With the threat of coronavirus looming over the Florida and national economy, lawmakers are starting to consider the broader economic implications on the state budget. Prior to the spread of the virus and the resulting economic jitters, state economists gave Governor Ron DeSantis enough confidence to call for a $91.4 billion state budget that included a number of tax cuts. But if the economy does start to contract, state coffers will the feel the pinch, and when combined with those cuts, could result in a significant shortfall.
“What we’re going to see now, from here on out and into the summer,” said House Speaker Jose Oliva yesterday, “is probably a difficult economy.”
Oliva made the remark after DeSantis declared a state of emergency, giving him expanded powers to deal with the slowly spreading coronavirus.
Under Florida’s constitution, the state must have a balanced budget. Thanks to former Governor Rick Scott’s financial stewardship, the state maintains a healthy rainy day fund, and the state reduced its debt burden by billions of dollars.

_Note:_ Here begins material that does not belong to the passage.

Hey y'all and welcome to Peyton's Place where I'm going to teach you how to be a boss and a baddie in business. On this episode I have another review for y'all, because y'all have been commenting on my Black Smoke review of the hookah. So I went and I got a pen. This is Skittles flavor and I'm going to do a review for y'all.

But several factors could jeopardize tax cuts in key economic sectors this year. Florida’s legislative session started two months early this year to dispense with public policy in order to accommodate the politics of a national election cycle. But that also means that lawmakers have to decide on state spending two months earlier than usual, in a year when there’s far more economic uncertainty.

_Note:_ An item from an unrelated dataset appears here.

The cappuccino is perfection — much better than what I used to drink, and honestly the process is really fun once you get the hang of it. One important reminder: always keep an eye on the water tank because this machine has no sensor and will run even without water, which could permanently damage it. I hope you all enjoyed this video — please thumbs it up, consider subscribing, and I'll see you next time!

A significant portion of Florida’s revenue comes from sales taxes. When people aren’t traveling to Florida, they aren’t spending money and then we aren’t able to pay for state priorities – like fighting new diseases and making sure we’re prepared for the worst.
The Florida House already passed one tax package that would reduce state revenue by about $115 million. But Senate President Bill Galvano said during a press conference on Monday that money for teacher pay raises and several proposed tax cuts could be trimmed.
One such tax package: HB 7097, which was passed by the House last Friday and, as a whole, would cut revenue by about $115 million. Two of the provisions within that package have drawn criticism: tax breaks for commercial airlines and rental car companies. Cutting the aviation fuel tax is projected to have a budget impact around $8-9 million while the rental car tax break could result in the neighborhood of a $6 million hit to the state budget.
For airlines, that tax break amounts to about a penny per gallon of fuel. It’s the sort of tax break that doesn’t really stimulate additional economic activity – at least not in the short run. And while tax cuts are generally good for Florida’s business climate, they are especially good when the tax relief directly reaches consumers.
With so many unknowns, lawmakers face a difficult decision: cut deeply into state revenue streams as if we’re still riding an economic high, or take a somewhat more conservative fiscal path by scaling back some of the indirectly beneficial tax cuts, such as the tax breaks for airlines and rental car companies, and focus on the essential consumer tax breaks, especially those for people who will use the extra pocket money to keep Florida’s economy moving.